In general you have turn-based strategy games like Civ, that have been deep(excluding recent installments) but have been extremely unsupported and underemployed from a Multiplayer perspective.
On the other hand you've had RTS games like the Blizzard-crafts, that were designed more for multiplayer, and have received much more multiplayer popularity and support, one even being watchable enough to be called an "esport", but are shallow to a fault.
Maybe some strategy nerds will bring up an exception or two, but the paradigm has mostly been Turn-based Vs RTS, Deep vs Shallow, Singleplayer Vs Multiplayer
When Stellaris was released in 2016 I saw it as an attempt to bridge that gap, and to tap into the Twitch market.
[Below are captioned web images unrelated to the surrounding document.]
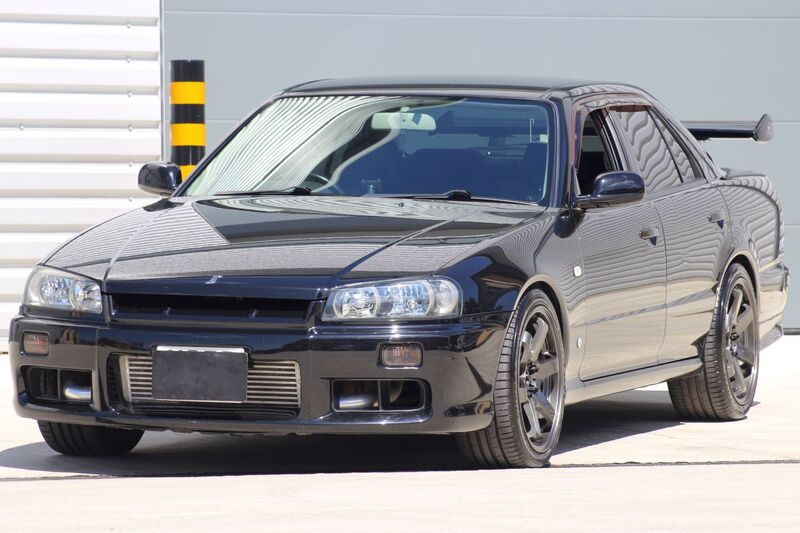 NISSAN SKYLINE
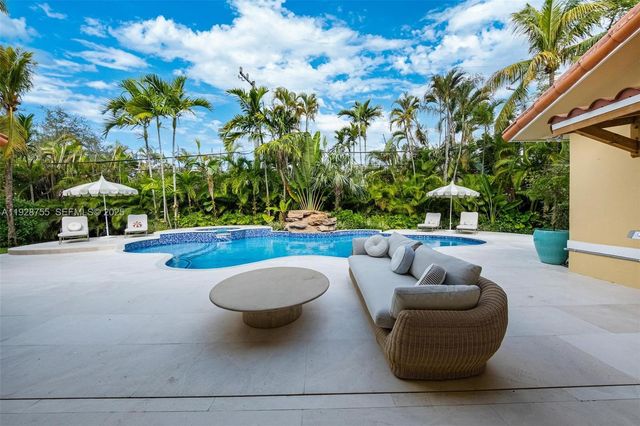 1033 Almeria Ave 0, Coral Gables, FL 33134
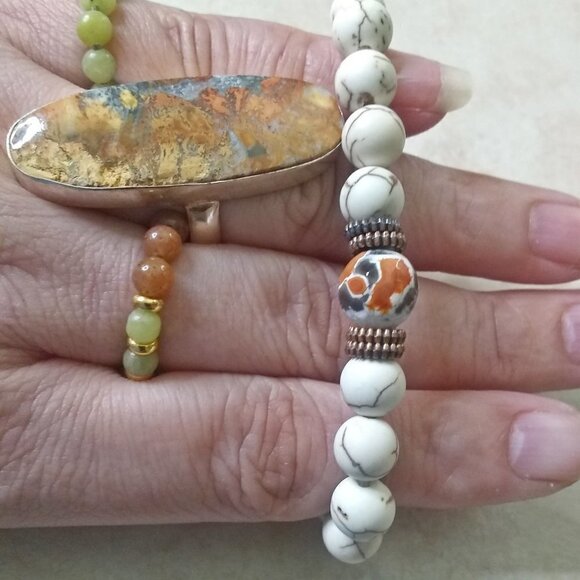 🍂🍁🍃 3/$25! Unisex Tom/Boy Bracelet - Small Wrist - Howlite + Fire Agate Beads - Picture 1 of 6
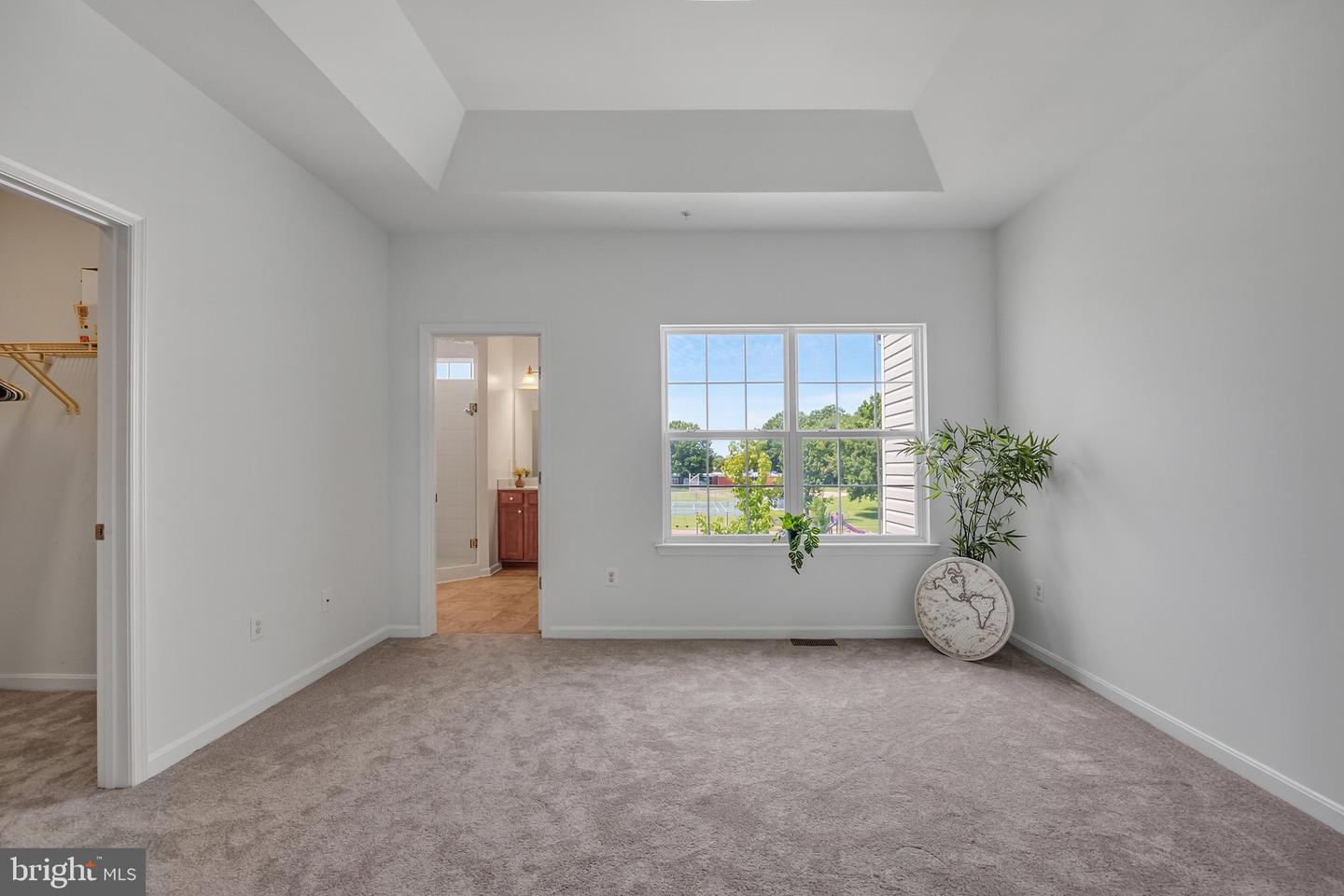 7694 Town View Dr Property Photo 22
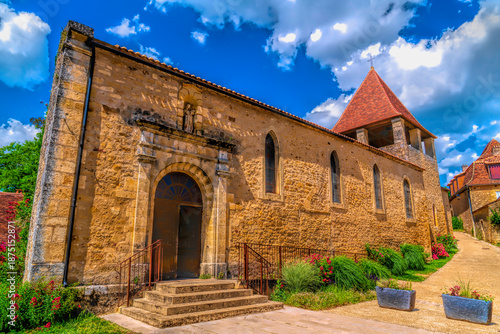 Pink flowers Limeuil Vézère River France French historic travel destination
It was a grand-strategy game that attempted the depth of Civ in Space, but was almost completely designed around its somewhat unique queueing system, all the way down to little mechanics like Tech Overflow, and the monthly pseudo-turns, that made it much more popular and appropriate for multi-player and streaming.
Is that Brilliant game design, trying to make a game with the best of both worlds? I'd call it at least astute, in theory anyway.
There have obviously been a lot of bumps, and bugs, along the way. Perhaps the developers would have stuck to their original vision if their game-stutter and other issues hadnt killed off so much of their multiplayer community.
Honestly, from a lot of the design choices I've seen Stellaris may as well be completely re-released as a turn-based game.
Why is there no Growth Overflow for instance? Growth is now no longer pop-distinct, its treated as a resource like everything else, so why does growth have breakpoints rather than overflow?
Why did they implement a system like job-strata, which has seemingly no purpose other than to fill a developer's economic fantasies, and to punish both the player and the AI with bug-riddled inefficiencies, or mind-killing micro.
Why have sectors, which were always better in theory than in execution, been reduced even further in scope?
Then there's the example of migration no longer actually existing as anything more than a function of growth, the example of buildings no longer being economic to queue...
I could probably think of more examples, but the point is that the game no longer functions in real-time, even in theory. If thats the case, then all its real-time elements are no more than vestigial, serving no purpose.